On August 19, 2025, the Court sent the case back to the county trial court and directed it to expand its analysis of whether Facebook posts of school board members on their personal page are records of the School District. (Penncrest Sch. Dist. v. Cagle.)
What Happened
In May, 2021, a high school library in Penncrest School District included, amidst a display of about 70 books, several books that addressed LBGTQ+ issues. A third-party contractor posted a picture of the display on Facebook. Two school board members then shared the post on their personal Facebook pages. One of the board members also expressed an opinion against teaching students about LGBTQ+ topics.
A local newspaper published an article about the topic. Thomas Cagle then filed a Right to Know request to the District, seeking disclosure of correspondence among the two Board members and the District “regarding homosexuality” as well as both Facebooks posts.
The District provided correspondence but denied disclosure of the Facebooks posts because they did not exist on the District’s accounts.
A series of appeals followed, first to the Office of Open Records, then to the county trial court, which both directed disclosure of the Facebook posts to Cagle. The District then appealed to the Commonwealth Court.
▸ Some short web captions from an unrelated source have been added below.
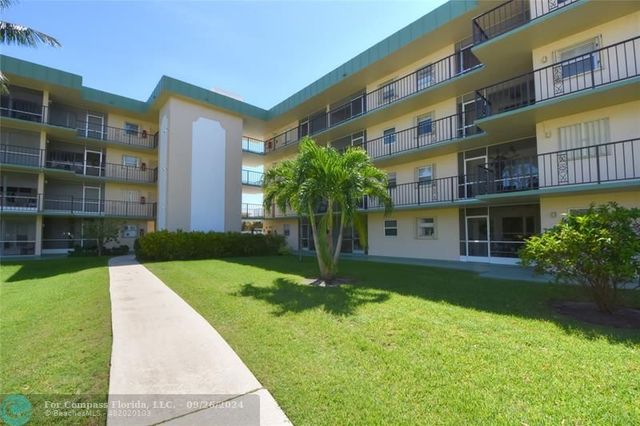 $199,000 | 810 Southeast 7th Street, Unit A306 | Deerfield Beach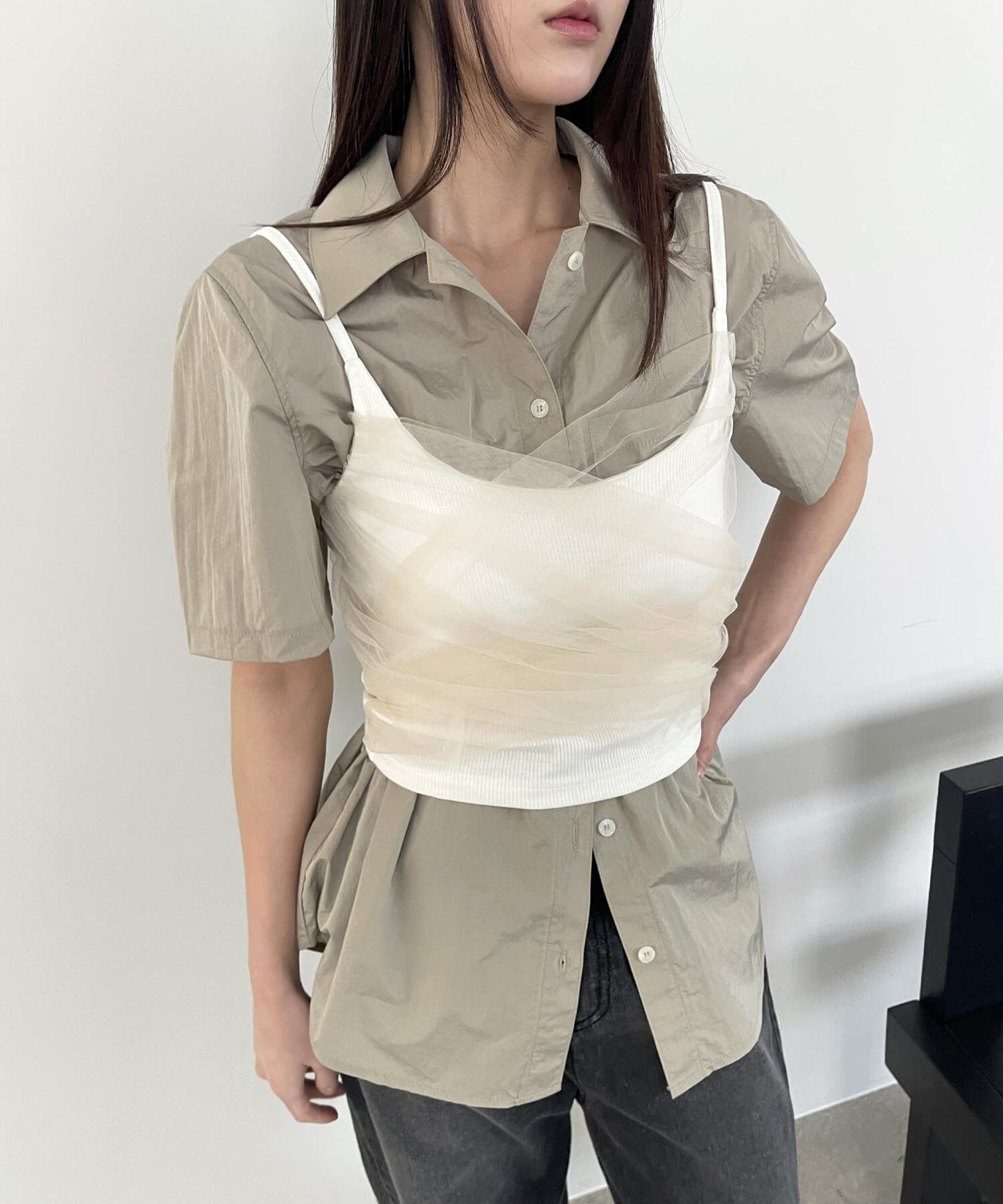 【カップ付き】シフォンシースルーオーガンザシャーリングキャミソール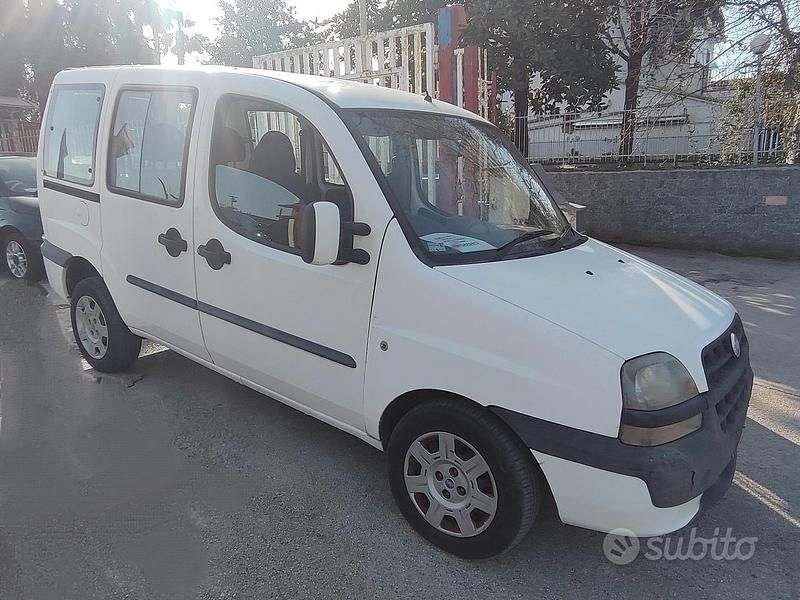 Usata Fiat Doblò 103 CV (75 kW) 2004 Bianco Monovolume
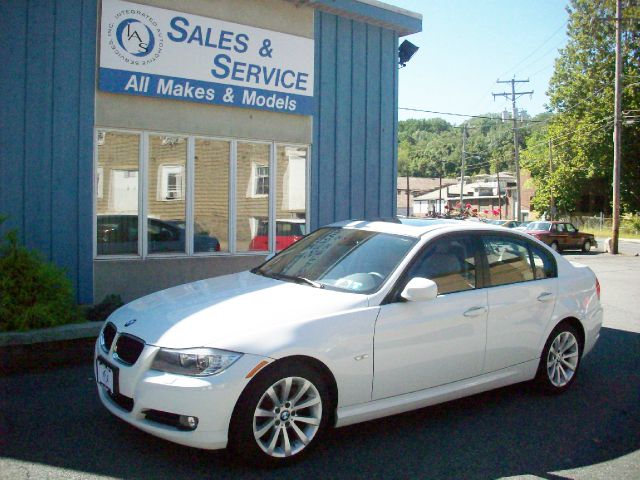 2011 BMW 3 series EXT WB W/1sb PKG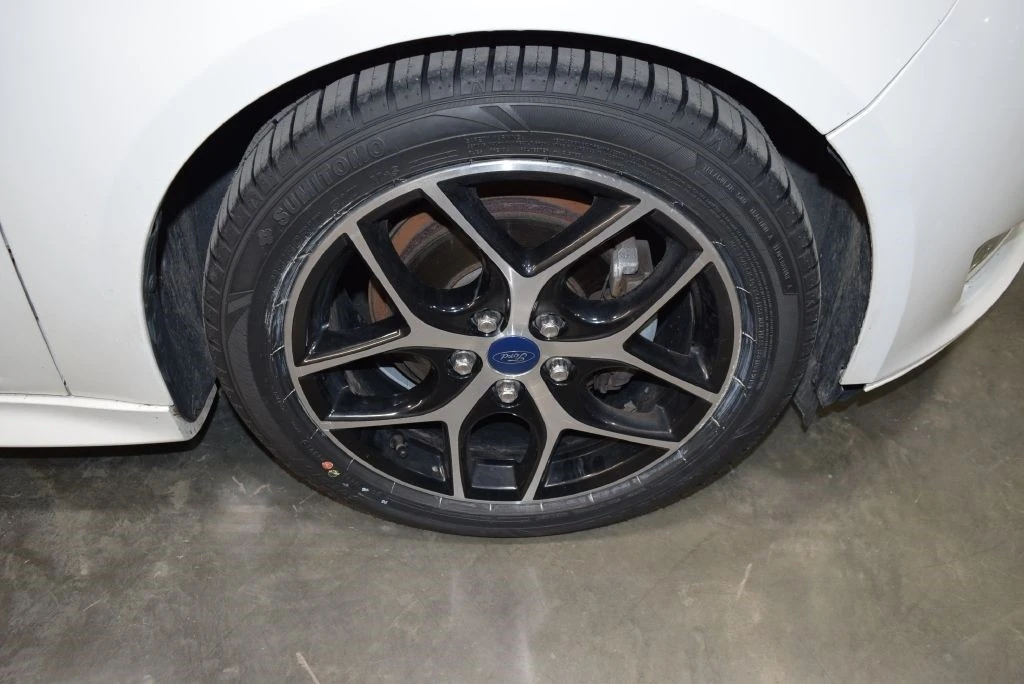2015 Ford Focus 3rd Gen - Image 10 of 12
The Commonwealth Court took a deep dive into the definitions within RTKL of a “record” and reviewed previous decisions that addressed when a record documents a transaction or activity of a public agency. This discussion included analysis of factors to determine when emails issued from a private account are public and when emails contained on an agency’s server are not public.
The Commonwealth Court then reviewed two OOR determinations that specifically addressed social media content. The OOR determinations examined whether the social media page was or seemed to be an official agency page, and whether the content of the posts reflected agency activities or business.
The Commonwealth Court also referenced the US Supreme Court decision in Lindke v. Freed, which held that a government official’s social media posts are attributed to the governmental entity only if the official had authority to speak on its behalf and purported to exercise that authority.
The Commonwealth Court vacated the trial court decision and remanded with instructions to expand its analysis of the issues presented. In doing so, the Commonwealth Court identified factors that should be considered, but noted that they were “non-exclusive”: (1) the “trappings” of the account – is it public or private, does it have the appearance of an official agency account?; (2) does the post constitute agency action or was it created in connection with agency action?; and (3) was the account made or the post issued in the individual’s officially capacity?
Cagle appealed to the Supreme Court. The Court found no error in the Commonwealth Court’s legal analysis and agreed that these issues require a very fact- and situation-specific analysis.
After reviewing the statute and case law and generally agreeing with the Commonwealth Court’s summary of the same, the Supreme Court affirmed the decision and remanded the case to the trial court for further analysis.
Bottom Line For Schools
Districts and board members need to be on notice that what they post on social media, even on their personal accounts, could end up as a public record subject to disclosure under the Right to Know law.
The courts identified several factors for consideration when determining whether social media posts are records of an agency. The courts were careful to note that the list of factors is not exclusive and that other considerations may exist. The answer is simple when social media posts are issued by the school district or at its direction. When this is not the case, schools should contact their solicitor for guidance.